Avast WEBforum
Other => Viruses and worms => Topic started by: Bassem on August 22, 2011, 03:38:45 PM
-
i have been having this problem for few months now, the virus disables task manager , registry editor , windows firewall , safe mode. i tried to download avast but the virus automaticly closed it and deleted the setup. i even tried to reinstall windows b4 but the virus still living in my pc :'(
-
Could you follow the first post here http://forum.avast.com/index.php?topic=53253.0
Then once done post the resultant logs in this thread
-
here are the logs
-
here are the logs
-
I am afraid you may have Sality
Run OTL
- Under the Custom Scans/Fixes box at the bottom, paste in the following
:OTL
DRV - File not found [Kernel | On_Demand | Running] -- -- (amsint32)
O33 - MountPoints2\{da8b492e-0756-11e1-8fa9-0008021de32e}\Shell\AUtOplAY\comMAnd - "" = G:\kqmg.exe
O33 - MountPoints2\{da8b492e-0756-11e1-8fa9-0008021de32e}\Shell\AutoRun\command - "" = G:\kqmg.exe
O33 - MountPoints2\{da8b492e-0756-11e1-8fa9-0008021de32e}\Shell\eXplore\COmManD - "" = G:\kqmg.exe
O33 - MountPoints2\{da8b492e-0756-11e1-8fa9-0008021de32e}\Shell\opEN\commanD - "" = G:\kqmg.exe
[2011/08/22 17:59:02 | 000,103,140 | ---- | M] () -- C:\eswatj.exe
:Files
ipconfig /flushdns /c
:Commands
[purity]
[resethosts]
[emptytemp]
[EMPTYFLASH]
[CREATERESTOREPOINT]
[Reboot]
- Then click the Run Fix button at the top
- Let the program run unhindered, reboot the PC when it is done
- Open OTL again and click the Quick Scan button.
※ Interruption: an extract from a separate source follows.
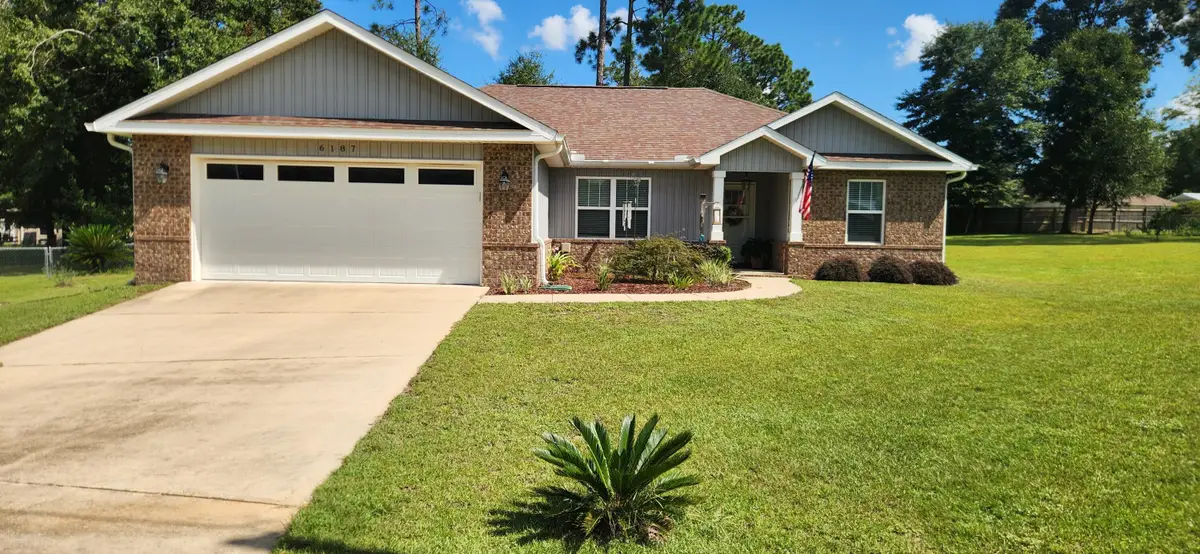 6187 Peaden Drive, Crestview, FL 32539 - #1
Post the log it produces in your next reply.
THEN
Download Sality Killer zip (http://support.kaspersky.com/downloads/utils/salitykiller.zip) to your desktop and extract SalityKiller.exe
Run the utility SalityKiller.exe on the infected computer
A reboot might require after disinfection.
Download the file Sality_RegKeys.zip (http://support.kaspersky.com/downloads/utils/sality_regkeys.zip)
unpack the file Sality_RegKeys.zip
run the file Disable_autorun.reg from the archive Sality_RegKeys.zip
Once the scan is over, from the archive Sality_RegKeys.zip run the file of the registry key:
under Windows 2000 run the registry file SafeBootWin200.reg
under Windows XP run the registry file SafeBootWinXP.reg
under Windows 2003 run the registry file SafeBootWinServer2003.reg
under Windows Vista / 2008 run the registry file SafebootVista.reg
under Windows 7 / 2008 R2 run the registry file SafebootWin7.reg
-
just adding some info
from malwarebytes log
Registry Keys Infected:
HKEY_LOCAL_MACHINE\SYSTEM\CurrentControlSet\Enum\Root\LEGACY_AMSINT32 (Virus.Sality) -> Quarantined and deleted successfully.
Sality is a file infector...
Virut and other File infectors - Throwing in the Towel?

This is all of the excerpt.